2009/11/19
chrome os, wave, collaboration
Something in the news says Chrome OS got a demo today. I don’t even care, since I don’t think what’s being demonstrated — a glorified PDA with internet connection — is, by itself, very interesting. What’s important is what runs on it that can’t be run in another way or with as much ease. What might that be? It seems to me this “novel experience” (not necessarily novel technology) is in the roadmap of Google and other big companies — but only in pieces spread among them, with none of them seeming to have the entirety of it. And that is ridiculous…
So Google has the ideas. Microsoft has the delivery mechanism in the form of the installed base and the ready platform with the ability to propogate via a simple update. Apple has the hardware designs and marketing to get people to adopt. Yet, each is missing the critical pieces held by others. And so we stall in Year 2009 as each company tries to replicate some existing thing that another company is already good at.

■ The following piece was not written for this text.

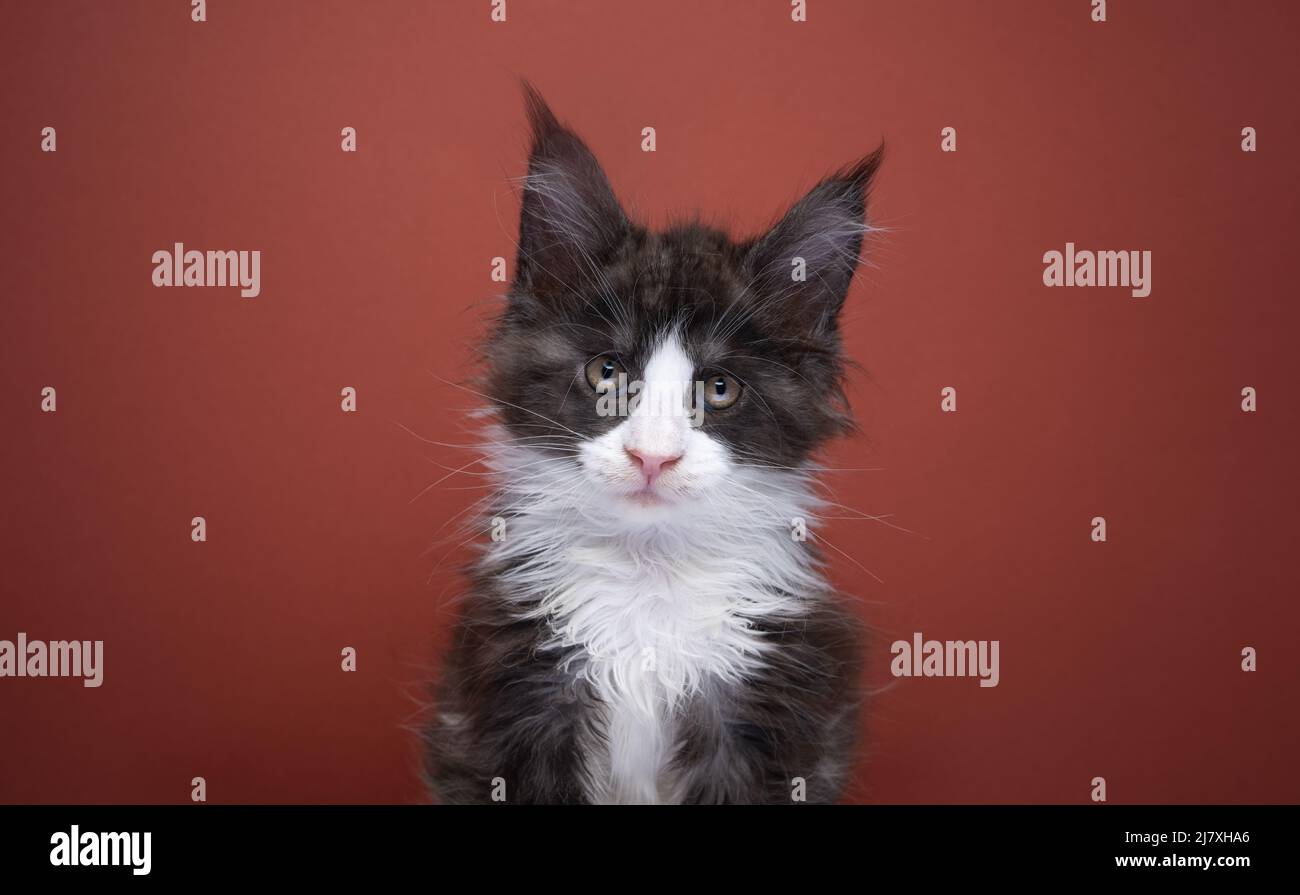 shy tuxedo kitten portrait on red brown background with copy space Stock Photo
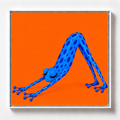 Ilustración de una rana azul estirada en pose de yoga sobre fondo naranja, obra Tierra de la colección Ranas Azules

(This very good article gives too much credit to Google, I believe. The situation is a lot more symmetrical and Google should not be elevated to a privileged position. The current Chrome OS for netbooks, I believe, is a clear misread of the market. People want a better phone, not a worse computer, and Google will likely fail with this if they make the latter without the former (Android?) catching on first. I think the “PC companies” are not that far behind either. It’s much harder for inexperienced Google to make a good cloud client than for say Microsoft to deliver good cloud integration. In some sense, Microsoft’s lack of execution on this front is due to politics, i.e. lack of will-power to lose a cash cow until it is inevitable, not due to technical barriers.)